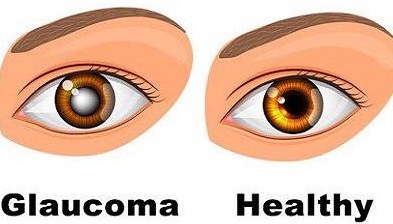 Kết quả hình ảnh cho glaucoma eye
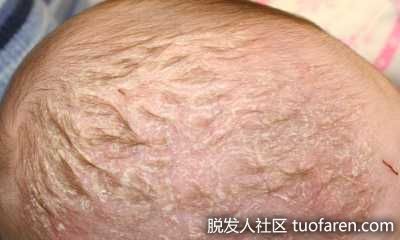 嬰兒脂溢性皮炎圖片1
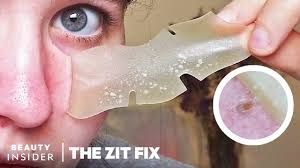 The device i tried definitely exfoliated my skin and made it glowier, while helping to remove some of the dead skin and buildup that was making my pores look enlarged. Overnight Pore Strips Absorb Excess Sebum The Zit Fix Youtube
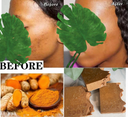 Turmeric + Vitamin C Even skin tone Bar Soap — 3 thick Bars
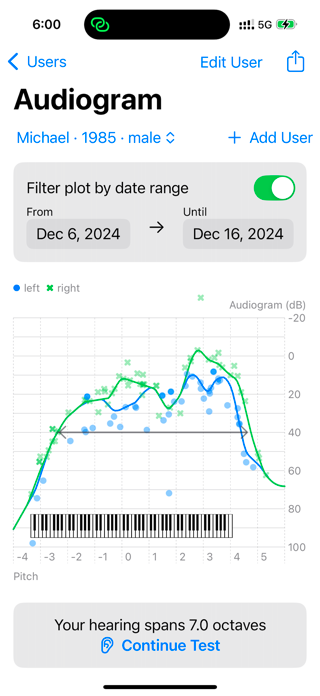 ListenUp Hearing Test Screenshot 1 of 9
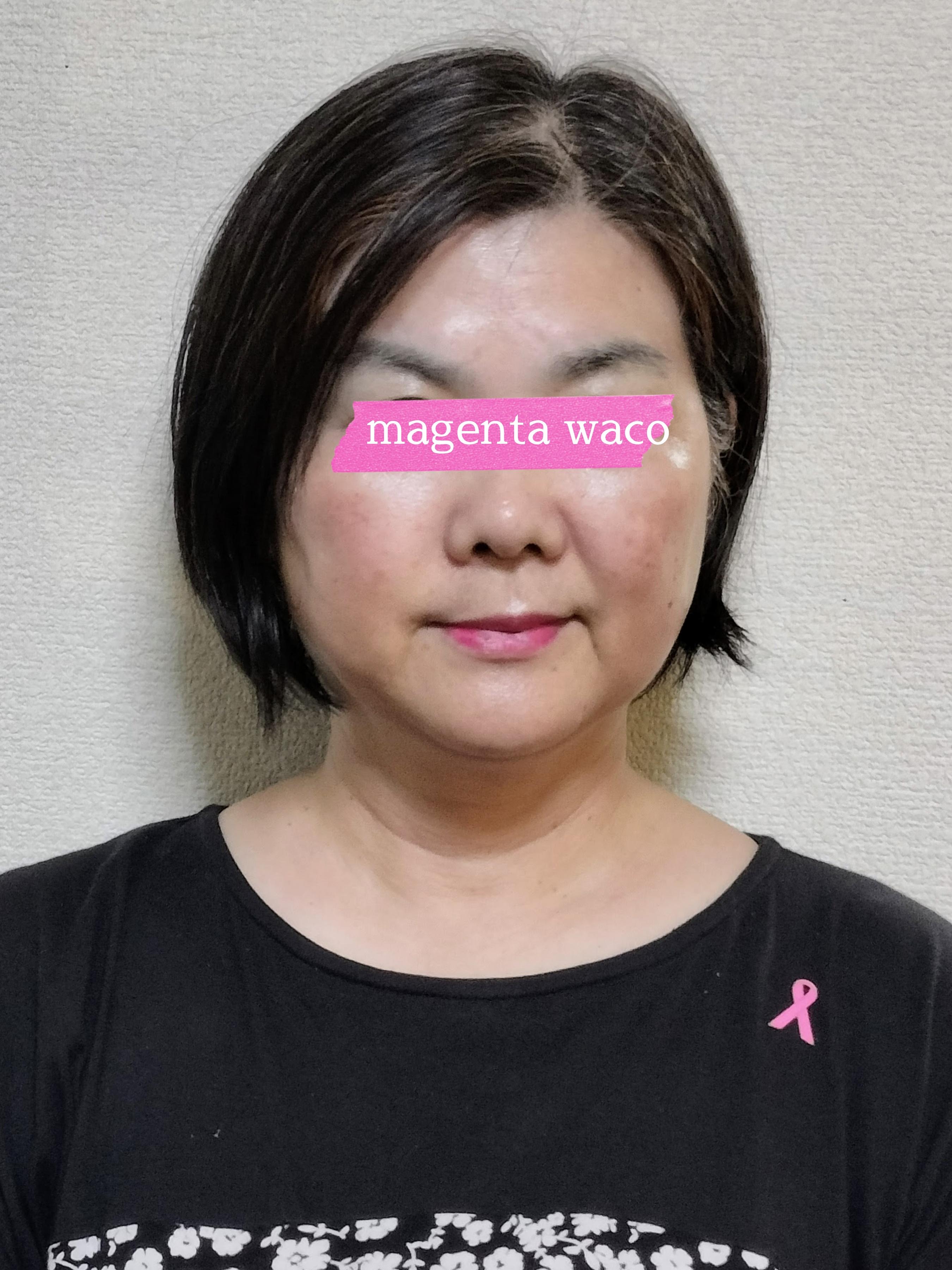 Magenta wacoマジェンタ･ワコ　顔コリほぐし1アフター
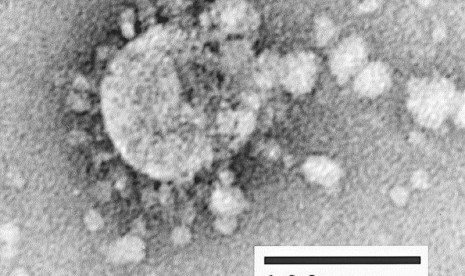 Virus Corona. Seorang WNA dari Hubei, China, dirawat di Cirebon setelah mengalami gejala demam hingga sakit tenggorokan.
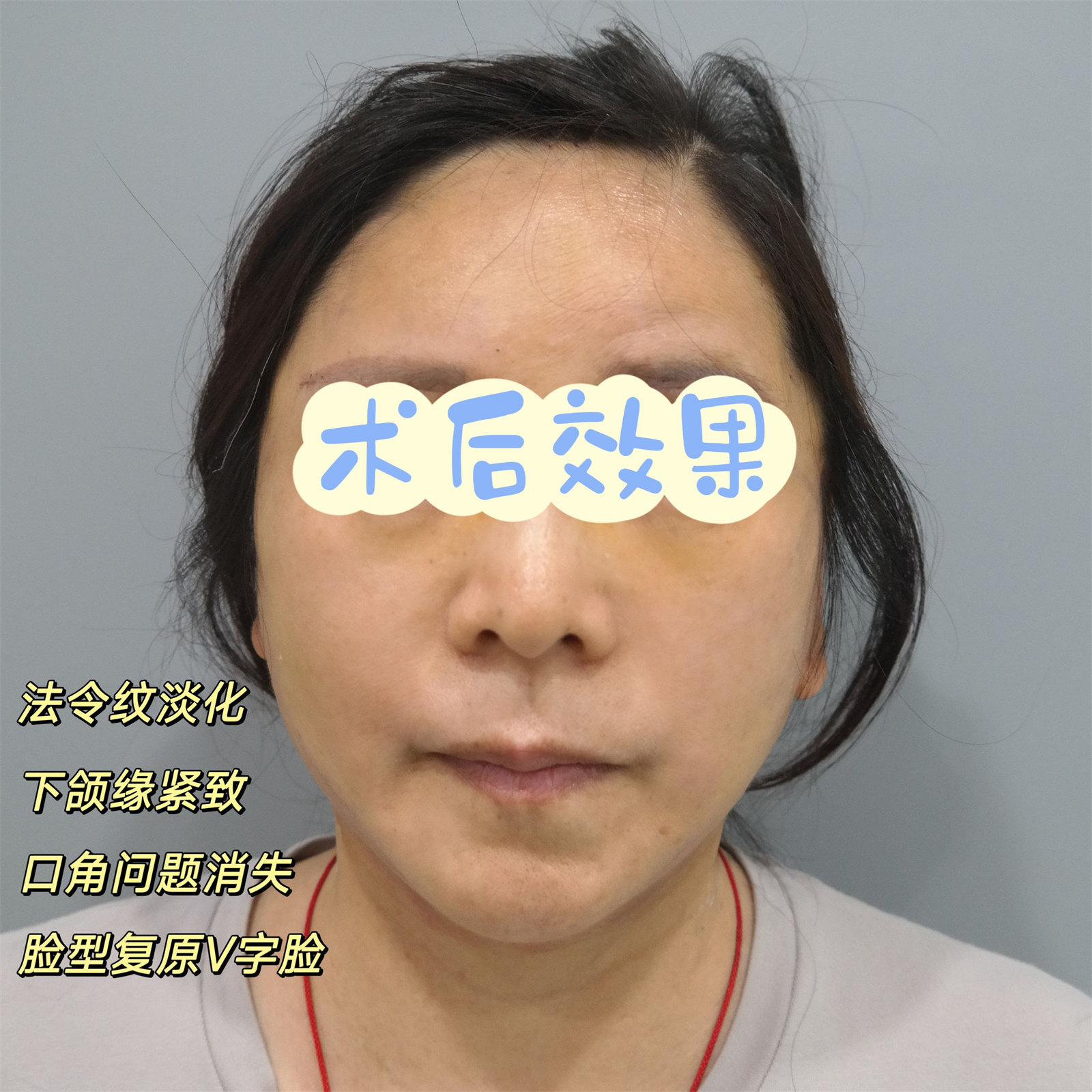 55岁做了拉皮手术，7天时间恢复成这样！3个不可思议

****************************************

• Brief
Pictures do not belong in the copy. Output all of the records exactly.

• Answer to the problem
 Kết quả hình ảnh cho glaucoma eye
 嬰兒脂溢性皮炎圖片1
 The device i tried definitely exfoliated my skin and made it glowier, while helping to remove some of the dead skin and buildup that was making my pores look enlarged. Overnight Pore Strips Absorb Excess Sebum The Zit Fix Youtube
 Turmeric + Vitamin C Even skin tone Bar Soap — 3 thick Bars
 ListenUp Hearing Test Screenshot 1 of 9
 Magenta wacoマジェンタ･ワコ　顔コリほぐし1アフター
 Virus Corona. Seorang WNA dari Hubei, China, dirawat di Cirebon setelah mengalami gejala demam hingga sakit tenggorokan.
 55岁做了拉皮手术，7天时间恢复成这样！3个不可思议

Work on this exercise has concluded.